Jewish Marxism: The Nazi Party

Essay History
Jan 1, 2007

Thousands of Germans were swayed by the Nazis in the early 1920s, due to post-war unrest and Hitler’s promising and charismatic leadership.  In an attempt to seize power, Hitler attempted a coup now known as the Beer Hall Putsch in Munich, which was justified as a means to overthrow the government on the 23 rd of November 1923. The rebellion failed, however, and resulted to several deaths and Hitler’s arrest. Rather than weaken his popularity, Hitler’s treason and trials made him a national figure, a champion of the Germans. 

During the trial, a judge sympathetic to the Nazis’ nationalist views allowed Hitler and his followers to demonstrate open contempt for the Weimar Republic, which they dubbed as a “Jew government”. They were found guilty, but instead of being deported due to being Austrian citizens, the judge gave them a minimum sentence, which is a maximum of five years in prison. Hitler, however, merely served nine months – the rest of his term was suspended. During his imprisonment, Hitler wrote Mein Kampf, where he postulated that the conflict between the races was the catalyst of history. Under the radical belief that the Aryan race was superior, he argued that Aryan Germany had every right to incorporate Eastern Europe into a single empire, which would be able to provide Lebensraum, or living space, for those who will be deemed worthy. He further argued that the empire would mean a victory over Communism, as like many conservative Germans, the Jews and Communists were regarded as enemies of Germany. Here, he associated Communism to the Jews, using “Jewish Bolshevism” or “Jewish Marxism”, where he maintained that the Jews were behind the teachings of the Communist Party. According to Hitler, the Jews were and acted everywhere – they moved so discretely, controlling everything that few could ever detect their influence. This belief was later adopted by the Nazi Party, then used as a propaganda against the racism on Jews. Hitler regained his freedom in 1925, fully reinstated as a leader of the Nazi Party. His arrest led him to a realization – an armed uprising will never be successful. His greatest weapons to finally gain control over Germany lie in the rights granted by the Weimar Constitution; freedom of speech, the press, and the right to assemble. 

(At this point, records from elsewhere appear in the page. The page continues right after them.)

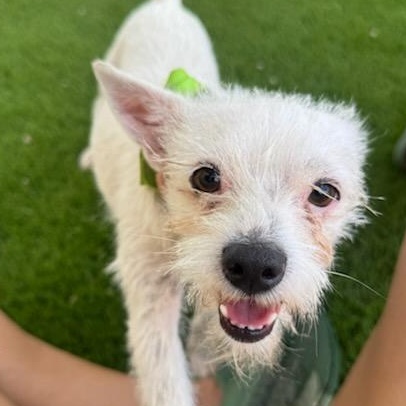 Maggie, a Adopted Terrier in Phoenix, AZ image 1/6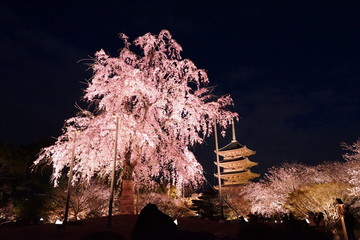 夜桜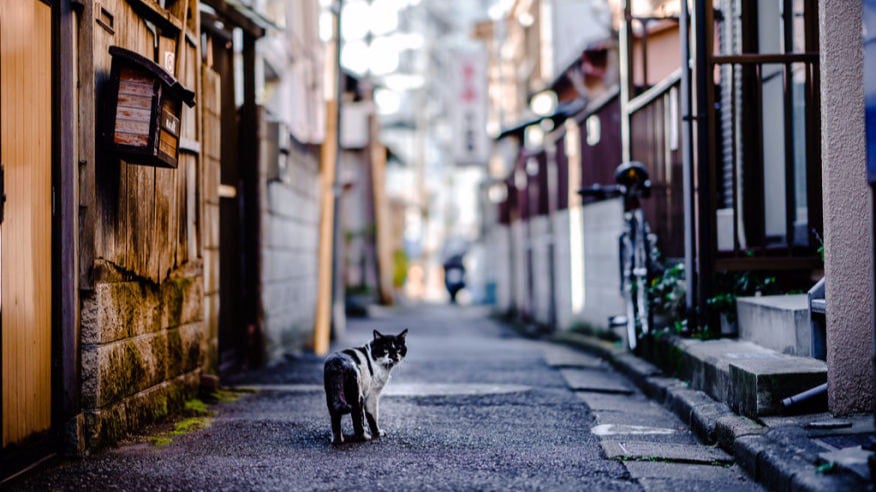 ロジねこ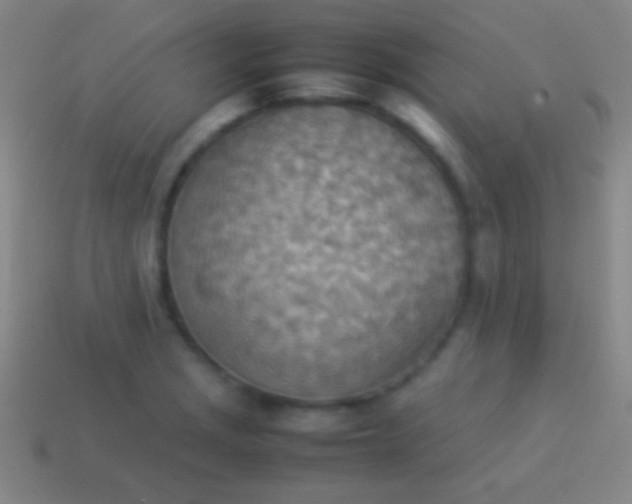 X0000114221229200910231436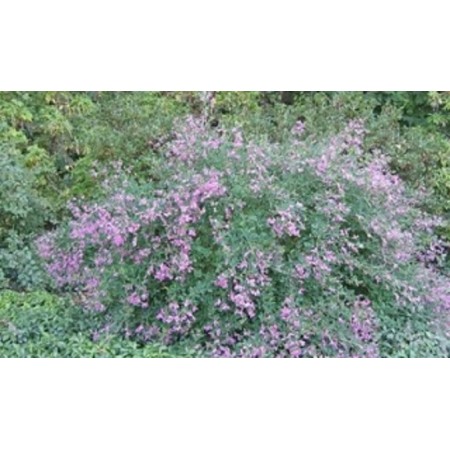 LESPEDEZA Thunbergii Gibraltar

The Nazi Party lost its popularity following the recovery of Germany post-war, but when the stock market crashed in 1929, the tides began to turn once again in their favor. The Great Depression could not be prevented by leaders around the world, and to a number of Germans, democracy seemed useless to rescue them from the collapse. Only solutions proposed by extreme political parties stirred public interest. The German Communist Party, in particular, postulated that to end the Great Depression, Germany needed to adapt to a government similar that that of the Soviet Union. According to them, the government should take over all German land and industry from the capitalists, as these people only drove profit for self-interest.  The German wealth should be redistributed accordingly. For this, the Nazis blamed the Communists and Jews. To counter the Communist promise, the Nazis vowed to restore Germany anew, the world’s pride, and end the depression in the process. They campaigned with slogans that read “ Work, Freedom, and Bread !”, and their promises attracted many supporters, a number of whom lost faith in communism and democracy. Among them, however, were the wealthy – alarmed by the growth of the Communist Party, they clung to the Nazi ideals to keep what they own. 

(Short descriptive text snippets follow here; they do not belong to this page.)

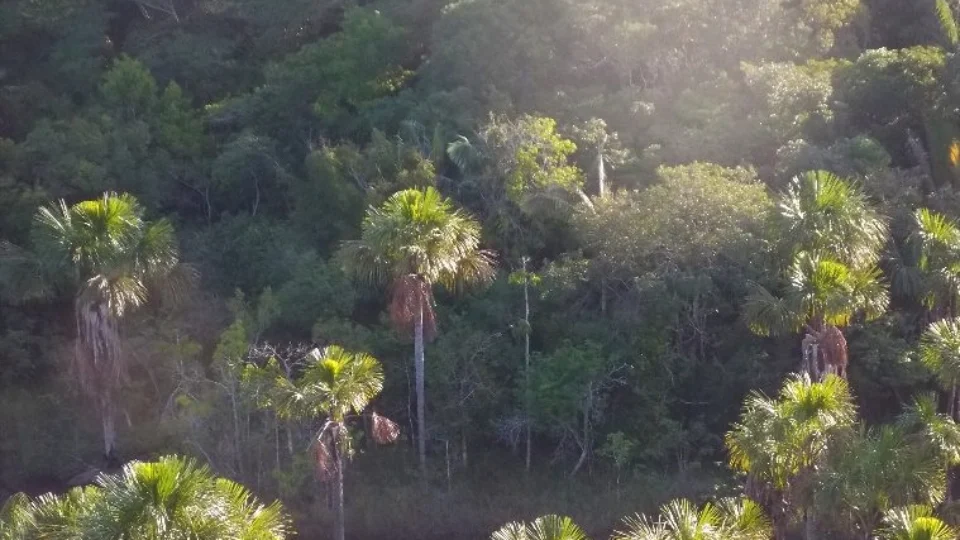 Mais de 80% das plantas arbóreas da Amazônia são úteis para os seres humanos, diz Inpa
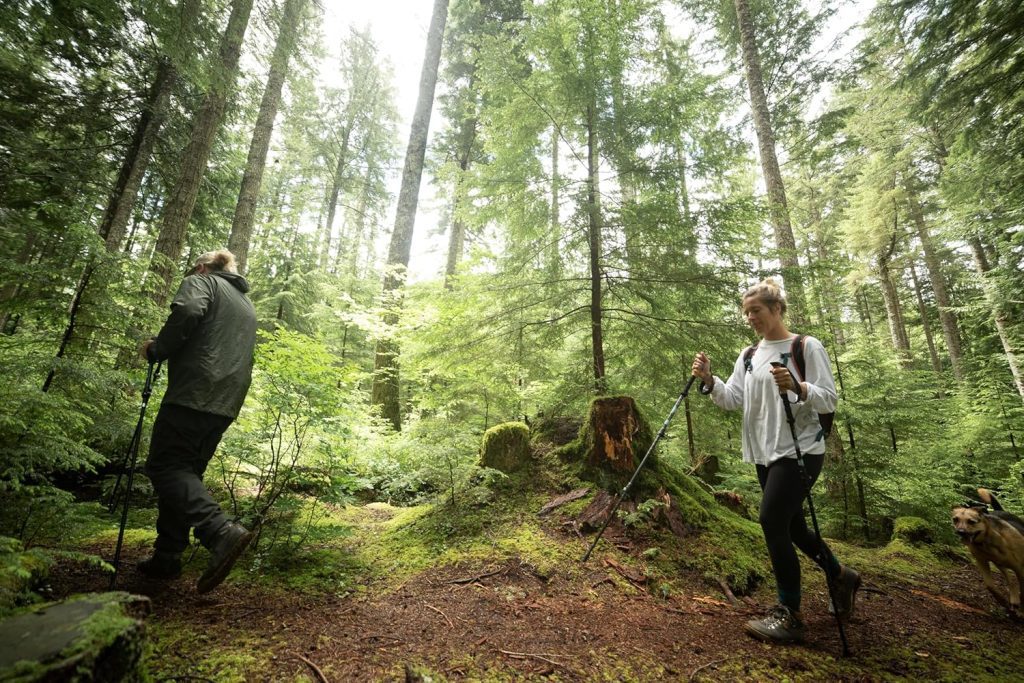 Is Hiking a Hobby? Everything You Need to Know About This Rewarding Pastime 2 Cascade Mountain Tech Lightweight Aircraft Grade Aluminum Trekking Poles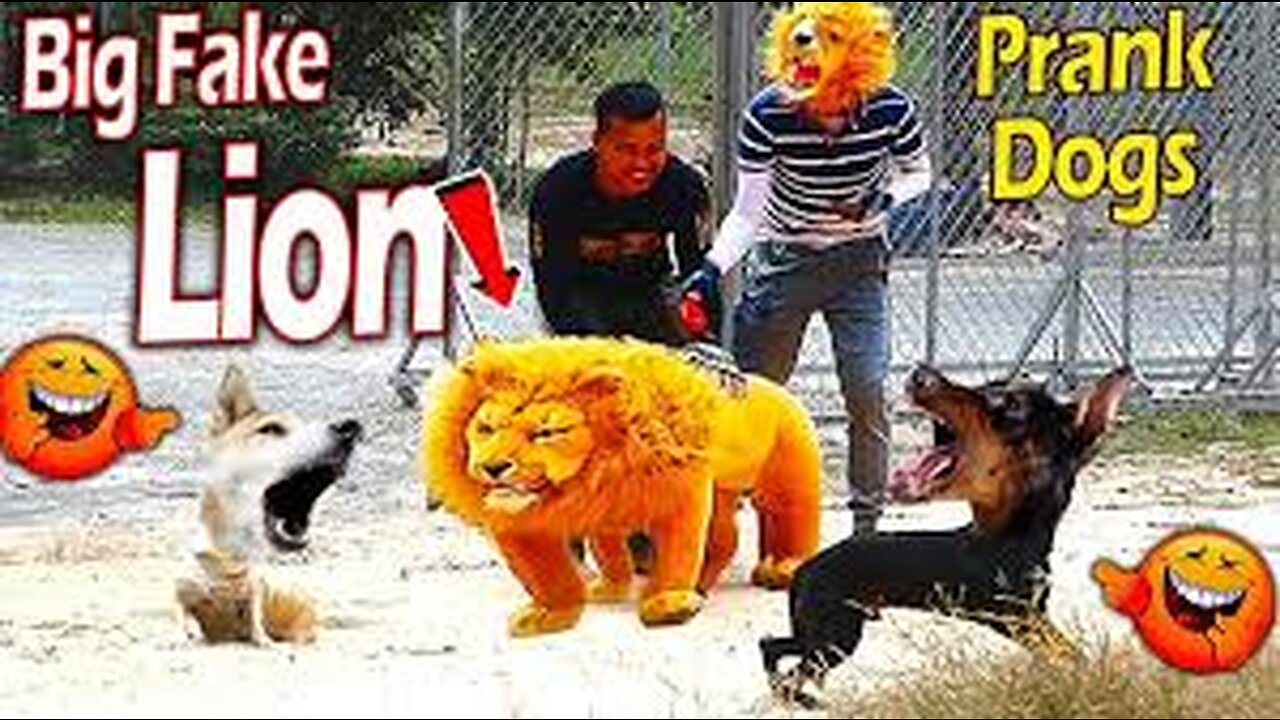 Dog's Hilarious Reaction to Fake Lion and Tiger Prank!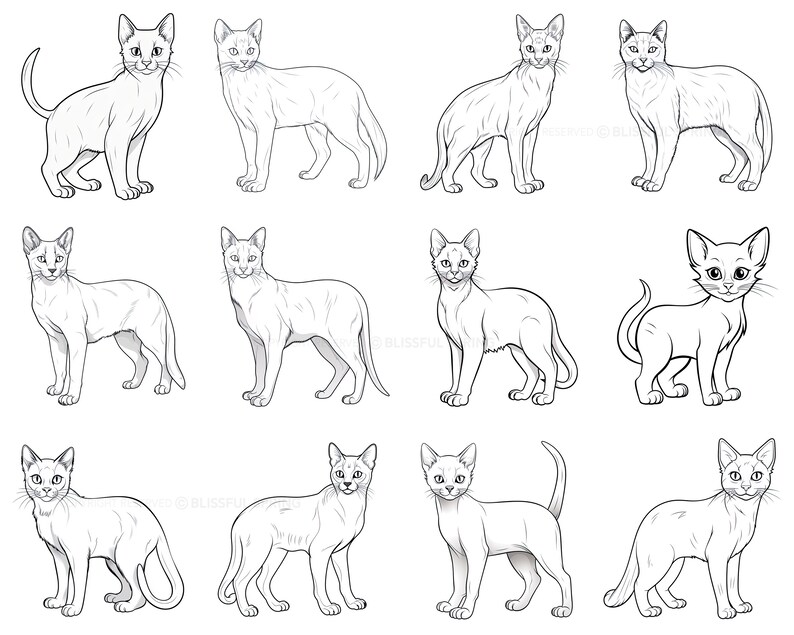 100+ Cat Procreate Brush Set | Unique Cat Stamp Brushes | Instant ...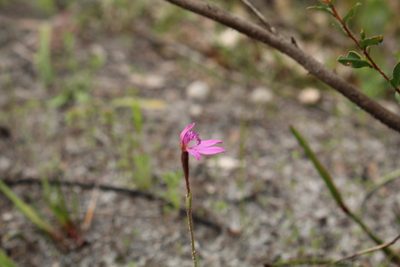 Caladenia nana, photographed by Em Lamond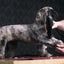 Moser Tondeuse Max 45 scheerkop 1 mm + 2 opzetkammen - Nena's Pets 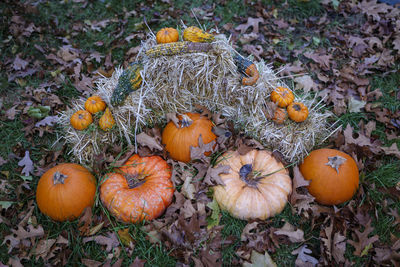 Preparation for halloween, pumpkins on wet grass whit autumn fallen leaves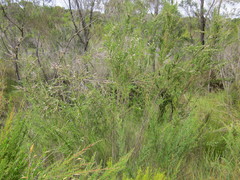 Taxandria juniperina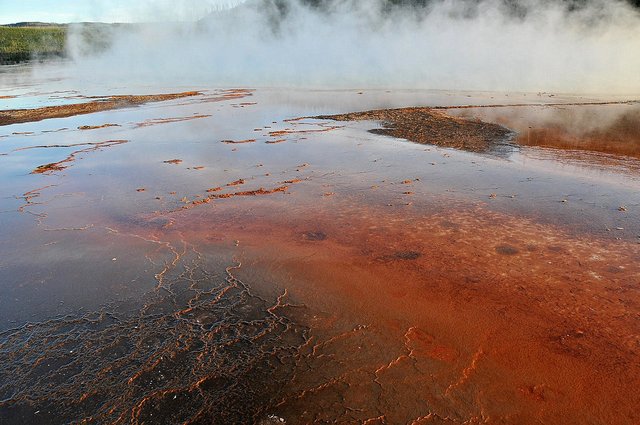 Yellowstone 19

Hitler officially became a German citizen in 1932 to allow him to run for president in the same year. His opponents were Paul von Hindenburg, a conservative incumbent, and Ernst Thälmann, the Communist candidate. Hindenburg triumphed over the three, but the Reichstag election held four months later increased the Nazi’s popularity even further. 

President Hindenburg’s administration, however, could not alleviate the depression. The public support began to disseminate, and by 1933, he called for Hitler. Hindenburg believed that Hitler had the popularity the do not possess, and his administration had the power Hitler needed. Convinced that they could control Hitler and views, they struck a deal with him. They were certain that Hitler would fail miserably in an attempt to end the depression, and as soon as he does, they regain control and “save “the nation.   That choice became the catalyst to tragedy, one that history would never forget.